En Europe, il existe une grande demande pour les produits chinois tels que la soie et la porcelaine[6]. Les Européens n'ayant pas de biens ni de matières premières que la Chine désire, ils vendent de l'argent aux Chinois pour compenser leur déficit commercial[7]. À l'époque des grandes découvertes, les Espagnols entrent en possession de grandes quantités d'argent, dont la majeure partie provient des mines d'argent de Potosí. Ils utilisent cet argent pour alimenter leur économie commerciale.

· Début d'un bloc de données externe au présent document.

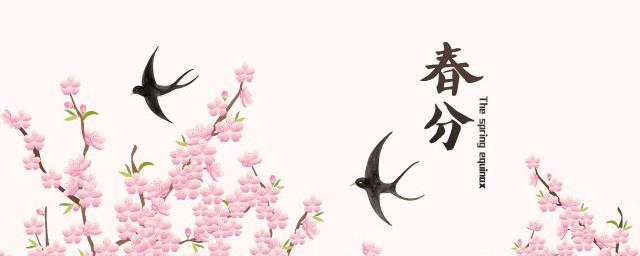 春分为什么不叫春至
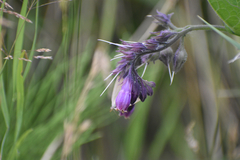Symphytum officinale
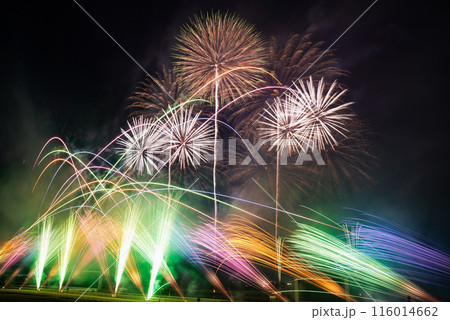夜空に広がる花火 116014662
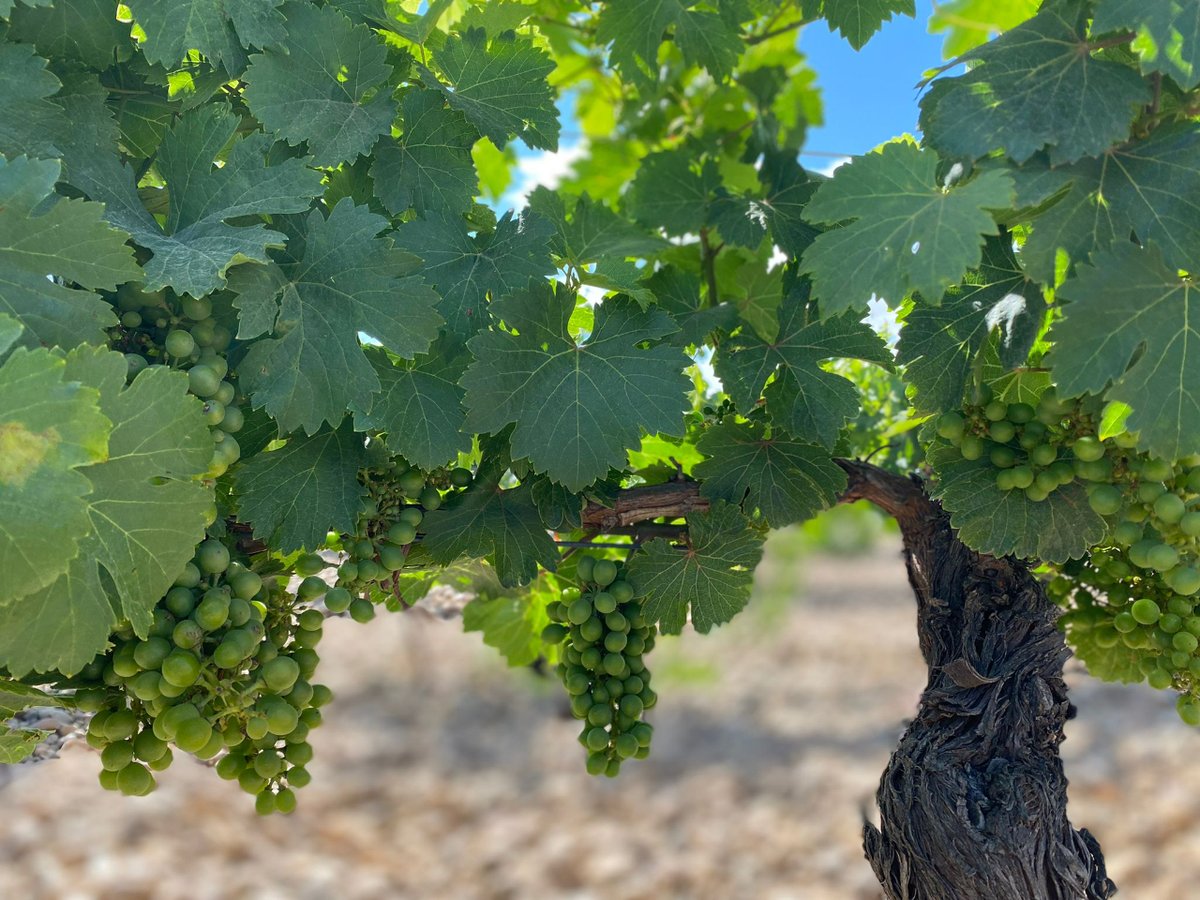 js_viticultor's tweet photo. ¿Sabías que Javier Sanz Viticultor es una bodega pionera en la investigación y recuperación de variedades ancestrales en la @DORueda ? Como la uva #malcorta, clon de la #verdejo con la que elaboramos nuestro V Malcorta, actualmente agotado
#JavierSanz
https://t.co/SaPw89HhCj https://t.co/Pt3r1FZAJ1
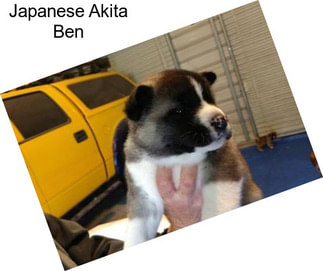 Japanese Akita Ben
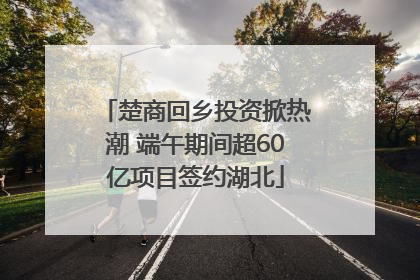 楚商回乡投资掀热潮 端午期间超60亿项目签约湖北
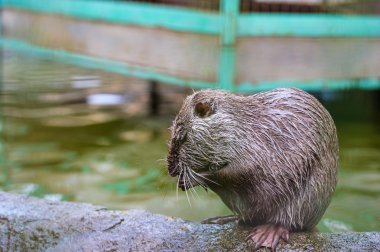 Asya yaban eğitimin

Les mines d'argent hispano-américaines sont alors les sources d'approvisionnement les moins chères au monde[8], produisant 40 000 tonnes d'argent en 200 ans[9]. La destination ultime des quantités massives d'argent produites dans les Amériques et au Japon est la Chine[10]. De 1500 à 1800, le Mexique et le Pérou produisent environ 80% [11] de l'argent mondial, et 30% de celui-ci se retrouve finalement en Chine. À la fin du 16e et au début du 17e siècle, le Japon exporte également beaucoup d'argent en Chine. L'argent des Amériques passe principalement à travers l'Atlantique, avant de se diriger vers l'Extrême-Orient. Les principaux avant-postes du commerce de l'argent se trouvent dans les pays d'Asie du Sud-Est, comme les Philippines[12]. La ville de Manille sert alors d'avant-poste principal pour les échanges de marchandises entre les Amériques, le Japon, l'Inde, l'Indonésie et la Chine. Mais si le commerce des métaux précieux passe principalement par l'Atlantique, à côté, une grande quantité d'argent traverse également l'océan Pacifique directement depuis les Amériques.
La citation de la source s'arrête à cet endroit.